While Nationalists have little doubt a second independence referendum is coming (and, indeed, have moved on to discussing the nuts and bolts of the campaign) Ms Sturgeon has just about left herself enough wriggle room to explore a range of options for Scotland's future relationship with the EU.

Publicly, at least, she has not abandoned the idea that, without becoming independent, Scotland could continue to be member while the rest of the UK leaves. But Mrs May has dismissed the idea as "impracticable" and, privately, senior Nationalists agree. They consider the prospect of financial institutions leaving the City of the London for Edinburgh and conclude the UK Government would never let that happen. An even bigger obstacle, of course, could be the attitude of EU member states.

Despite her scepticism, the Prime Minister is willing to listen to other ideas that are expected to issue forth from the Scottish Government's specially assembled – and impressively high-powered – panel headed by Glasgow University principal Anton Muscatelli.

Scottish Labour is also keen on examining all possibilities, leading a Westminster debate on the issue this week and, behind the scenes, looking at whether the country could stay in the EU as part of a federal UK.

Writing in The Herald earlier this week, Professor Muscatelli warned us not to expect the usual kind of recommendation-packed report from his Standing Council on Europe. Rather, it will offer advice and views as and when a clearer picture Brexit emerges. Let's not forget: one month on from the referendum, we are not really any nearer to knowing what it actually means.

Some ideas about Scotland's possible relationship with the EU are beginning to emerge, however.

Also, in these pages yesterday, legal experts Daniel Augustein and Mark Dawson argued the EU citizenship we all enjoy could continue to protect valued rights even if Scotland ceases to be a member.

Jim Gallagher, the former Better Together adviser, also believes it is worth exploring the implications of EU citizenship for Scots who voted Remain. Greenlanders, he noted, are EU citizens even though Greenland is not in the EU.

He suggested other possible ongoing ties, too, in a recent paper for an Oxford University think tank.

Prof Gallagher said it was hard to see how Scotland, in the UK, could be an EU member state. But he floated the idea of the country becoming an "associated region" with a voice in Brussels and participating in certain programmes such as research sharing and student scholarships. Scotland might also apply EU laws, retain its membership of the European Committee of the Regions and sign up to the Common Fisheries Policy, he said.

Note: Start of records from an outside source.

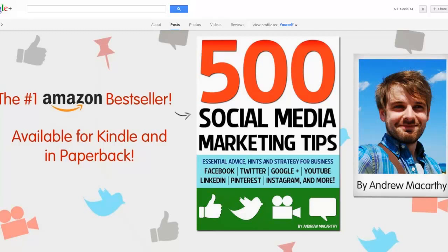It just so happened that recently I wanted to change the name of my Google Plus page but I couldn't figure out how to do it. I was looking at page settings and editing my profile, all that kind of stuff. And then I happened upon the solution which is so simple.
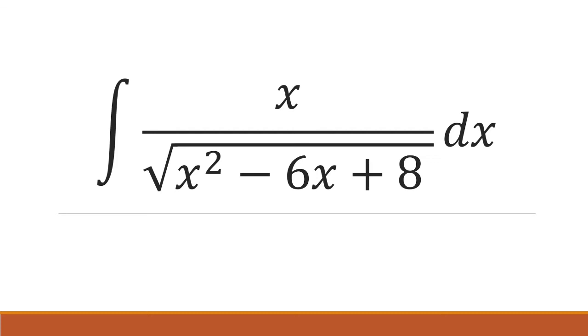In this video, we'll do an integral of x over the square root of x squared minus 6x plus 8.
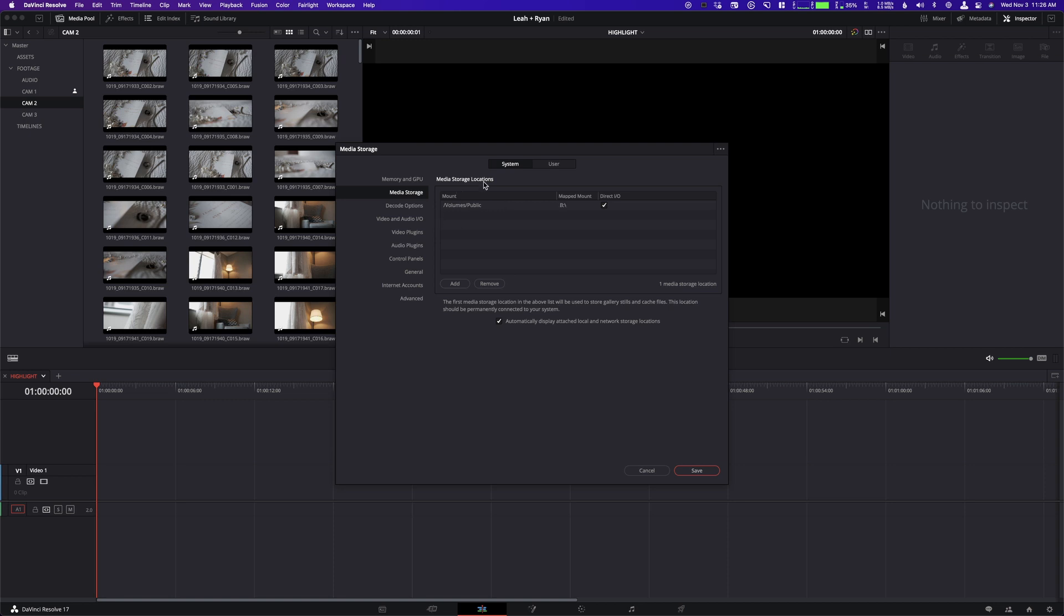Now, you're going to have your drive mounted here, the NAS in our case, obviously. So in my case, the NAS shows up as slash volumes slash public. So this is our folder that we work from.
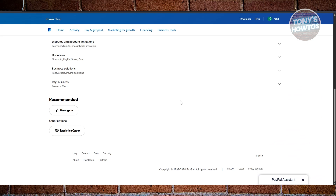That is the only way to fix the PayPal family and friends option on your account. But honestly, if you ask me, just create another PayPal account as a personal one — it's less hassle. Anyway, that's about it. If you found this video helpful, hit the like button and watch our next video.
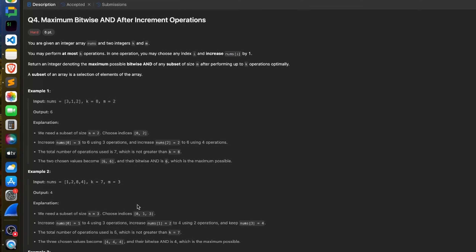Welcome back to the channel. We are going to discuss the fourth problem asked in today's LeetCode weekly contest 484. The solution of the first three problems is already posted, so you can check those out. In this problem, you are given an integer array nums and two integers k and m. You may perform at most k operations, and in one operation you may choose any index i and increase nums[i] by one.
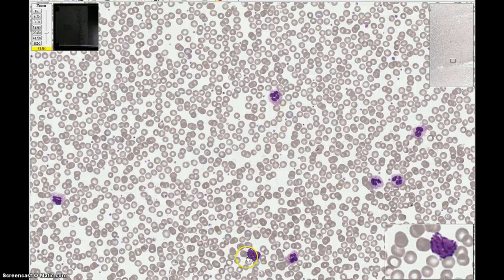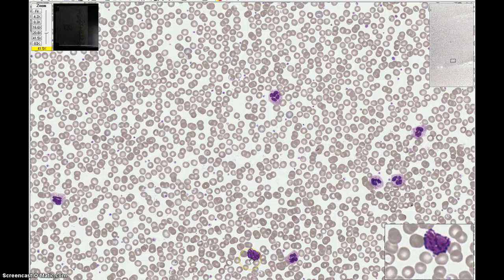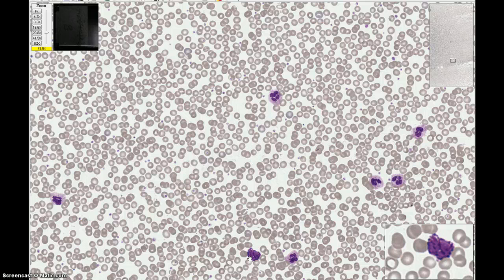Let's look at this cell down here. It's kind of hard to see the nucleus, but it looks like there are two segments or lobes, and there is some dark purple chromatin. The granules are the distinguishing features of this cell — they are quite large and stain a very dark purple to black color. So this cell is a basophil.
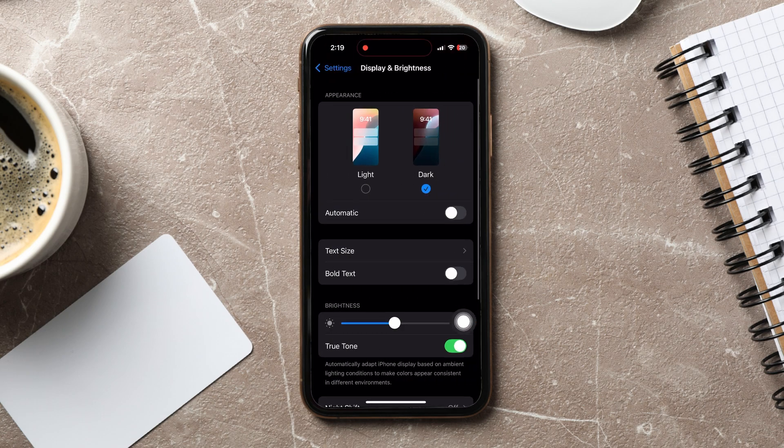This page allows you to adjust the screen brightness, switch between light and dark appearance, enable True Tone, and configure other display-related settings. Go to the Appearance section and select Light.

He may or may not have been mischief-making with that last one. Either way, it all sounds a bit peripheral set against the First Minister's stated aim of "Remain means Remain".

Prof Gallagher said such special arrangements, speculative as they are, would only make sense if (a big if) Britain secured a soft Brexit – in other words a Norway-style deal with unfettered access to the EU single market. Securing that should be the priority for the Scottish Government, he argued.

Would it satisfy Ms Sturgeon? Only, I suspect, if support for independence were to fall sharply. Otherwise it's difficult to imagine her arguing a "soft Brexit plus" arrangement would be preferable to full membership of the EU as an independent country.

Ms Sturgeon says a second independence referendum is now highly likely. But in a situation with so many moving parts there is a danger Scots would not have a clear idea what they voting for.

Professor Gallagher's warning was this: unless we are a lot clearer about what Brexit means for Britain and what independence might mean for Scotland's EU membership, we'd be voting as much in the dark as we were on June 23.